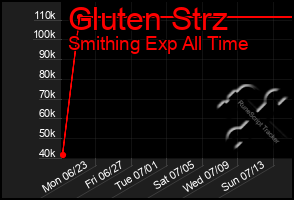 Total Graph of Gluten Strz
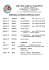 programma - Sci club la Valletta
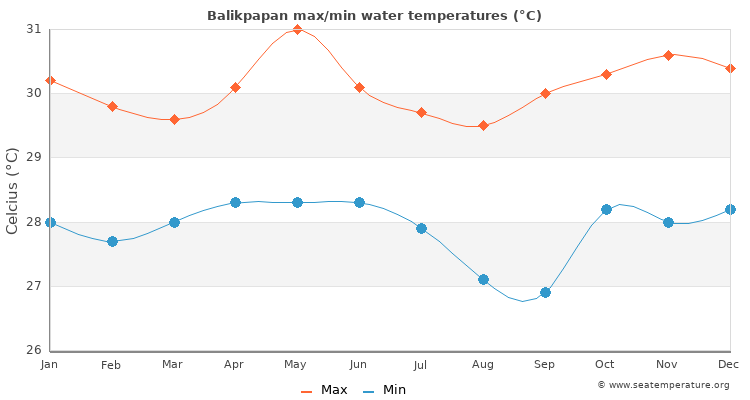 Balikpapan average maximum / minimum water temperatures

-*-

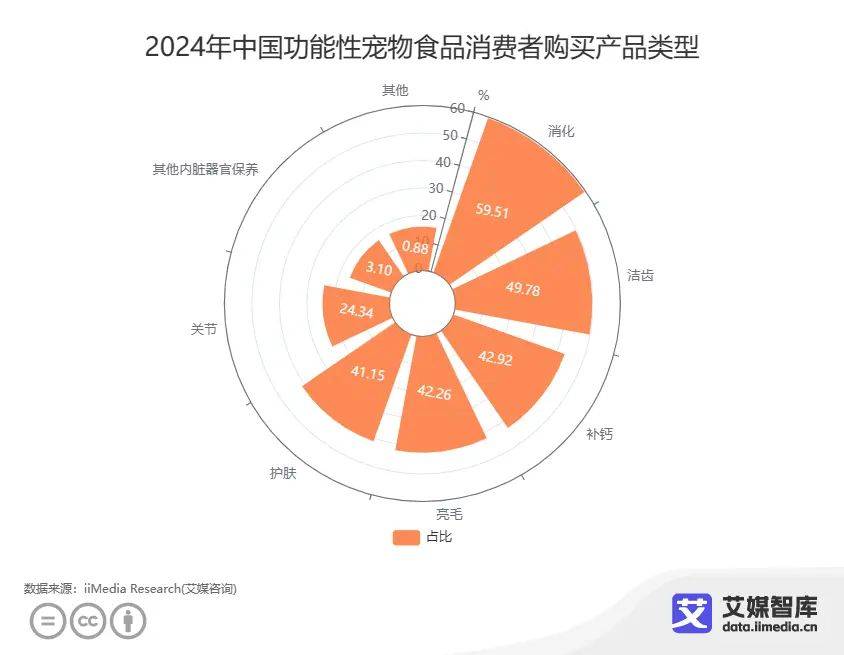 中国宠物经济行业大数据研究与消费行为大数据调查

-*-

» EXERCISE PROMPT
Write out exactly the lines above between the one with "Total Graph of Gluten Strz" and the one with "Balikpapan average maximum", inclusive, with pictures left out.

» ANSWER SPACE
 Total Graph of Gluten Strz
 programma - Sci club la Valletta
 Balikpapan average maximum / minimum water temperatures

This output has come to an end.